George Lucas chooses Chicago for his planned museum
George Lucas at the Apollo Spring Gala and 80th Anniversary Celebration in New York earlier this month. (Dave Kotinsky / Getty Images)

The Force is officially with the city of Chicago.

After months of deliberation, George Lucas has chosen the Windy City for his planned museum that will feature his personal art collection as well as exhibitions devoted to the digital arts and the movies. The choice was confirmed Tuesday by a Lucas spokesman as well as a spokeswoman for Chicago Mayor Rahm Emanuel.

"We are honored to be partnering with the city of Chicago and the many cultural, educational and community groups that have come forward with ideas about how the LMNA [Lucas Museum of Narrative Arts] will add to their vibrant work," Lucas said in an announcement Tuesday. "I am humbled to be joining such an extraordinary museum community and to be creating the museum in a city that has a long tradition of embracing the arts."

The "Star Wars" director was considering San Francisco as a possible location for his museum. This month Los Angeles also threw its hat into the ring with a social media campaign spearheaded by Mayor Eric Garcetti. It remains unclear if Lucas ever considered L.A.

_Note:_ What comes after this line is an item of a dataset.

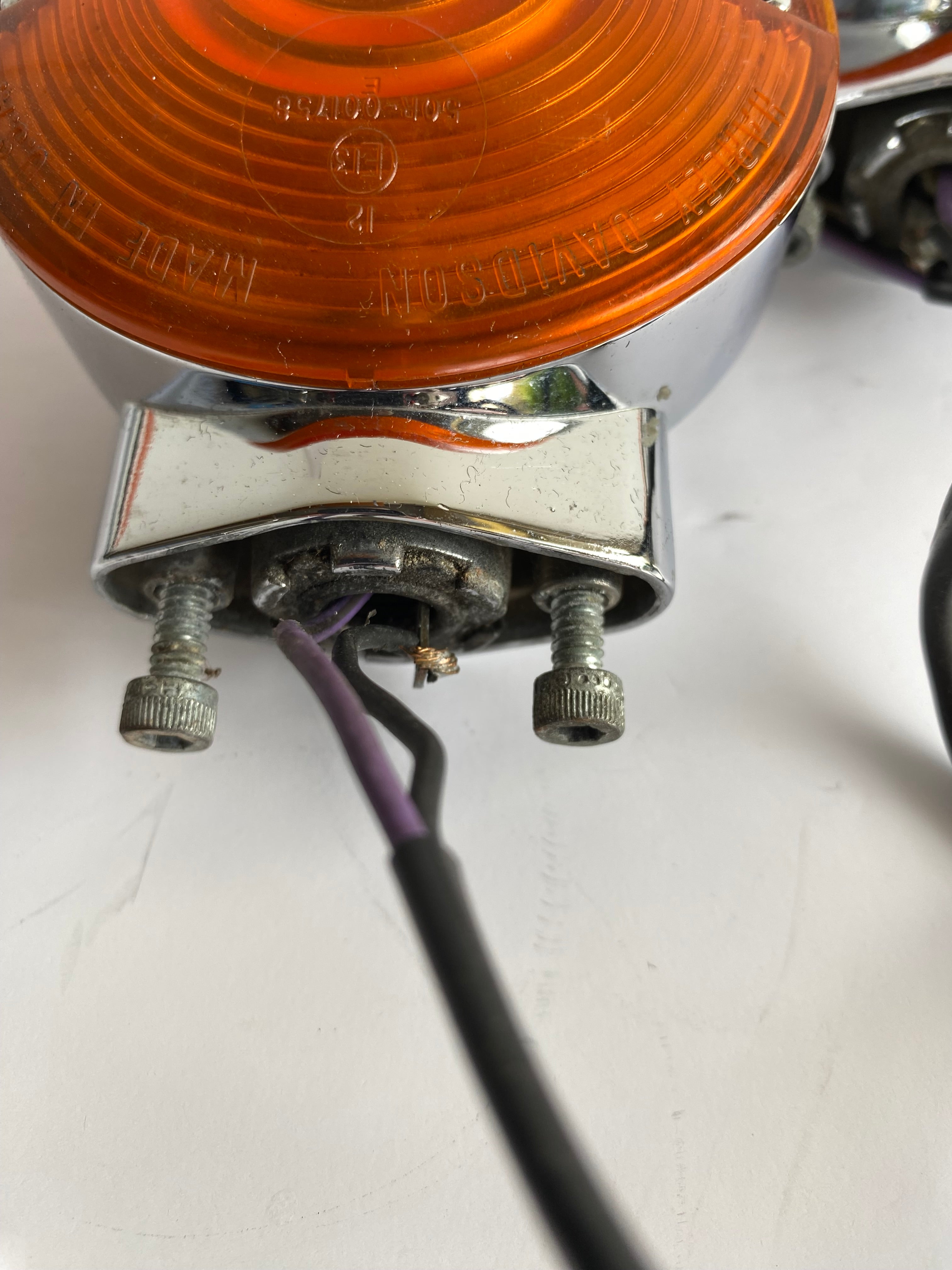 Jeu de clignotants avant ou arriere Harley Davidson REF OEM68402-86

The official name of the museum will be the Lucas Museum of Narrative Arts, changed from the Lucas Cultural Arts Museum.

The museum, which Lucas said he hopes will open in 2018, will be built on a site proposed by Chicago officials -- the city's lakefront museum campus that also serves as home to the Shedd Aquarium and Field Museum.

Lucas is married to Chicago native Mellody Hobson, who is president of Chicago-based Ariel Investments.

The director had expressed interest in a San Francisco site across from Crissy Field. But earlier this year, the Presidio Trust rejected that site and instead offered the filmmaker a location near his Letterman Digital Arts Center. San Francisco Mayor Edwin Lee later proposed a 2.3-acre lot across from the city's Embarcadero.

L.A. had proposed a location near the University of Southern California, where Lucas studied filmmaking. The site was the Los Angeles Memorial Sports Arena, which has served as a venue for sporting and music events.

Lucas' museum is expected to cost hundreds of millions of dollars to construct, with some published reports putting the price tag as high as $700 million.